### Dataset excerpts
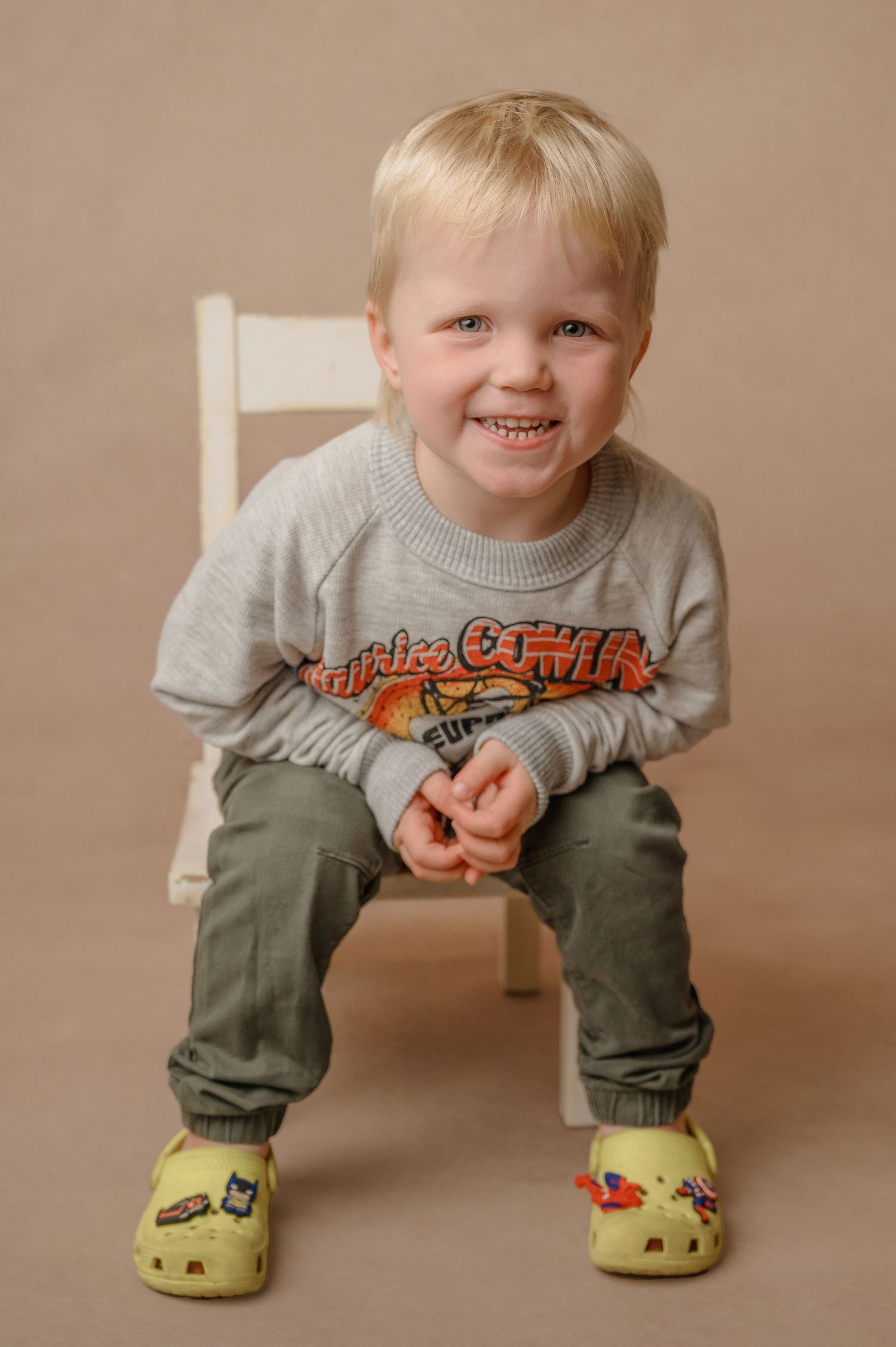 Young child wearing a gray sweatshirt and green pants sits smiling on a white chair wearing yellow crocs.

---

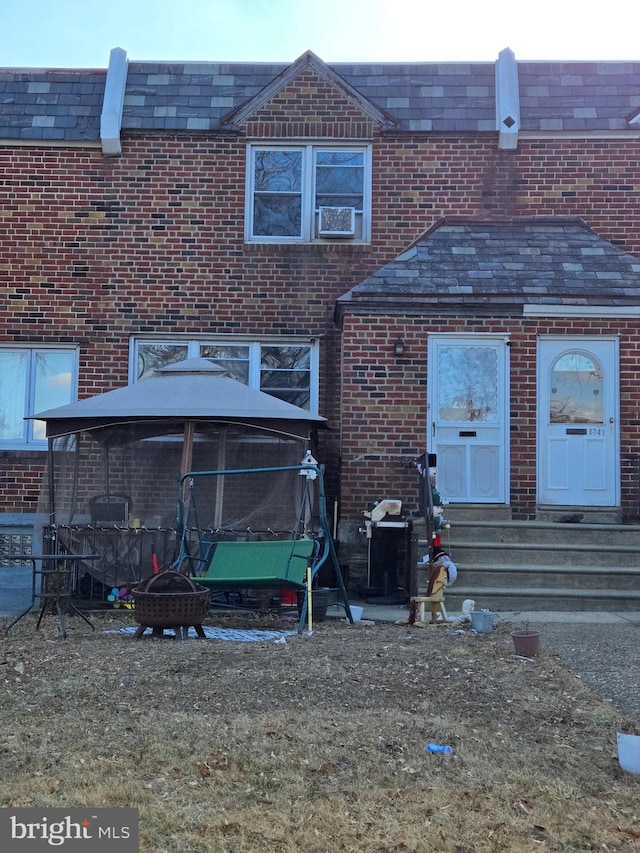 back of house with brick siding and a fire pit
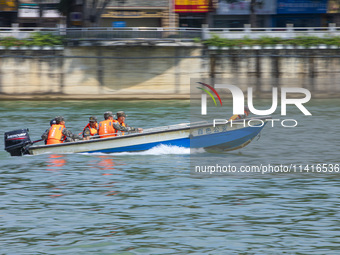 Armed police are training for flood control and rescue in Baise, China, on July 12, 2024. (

...

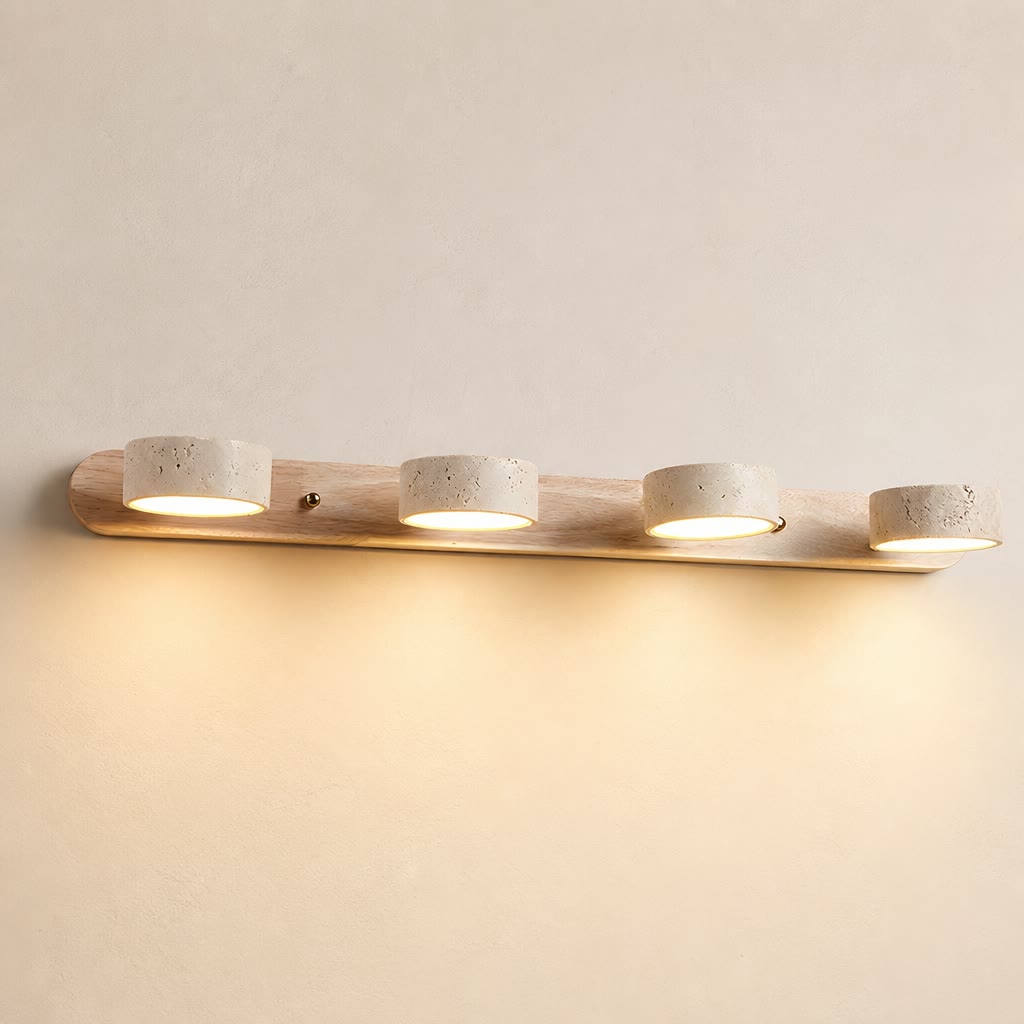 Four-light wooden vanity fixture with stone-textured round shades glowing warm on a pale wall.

### Problem to work on
Using the data above, retype exactly and only the lines from the one containing "back of house" up to and including the one containing "Armed police are", with no pictures carried over.

### Response below
 back of house with brick siding and a fire pit
 Armed police are training for flood control and rescue in Baise, China, on July 12, 2024. (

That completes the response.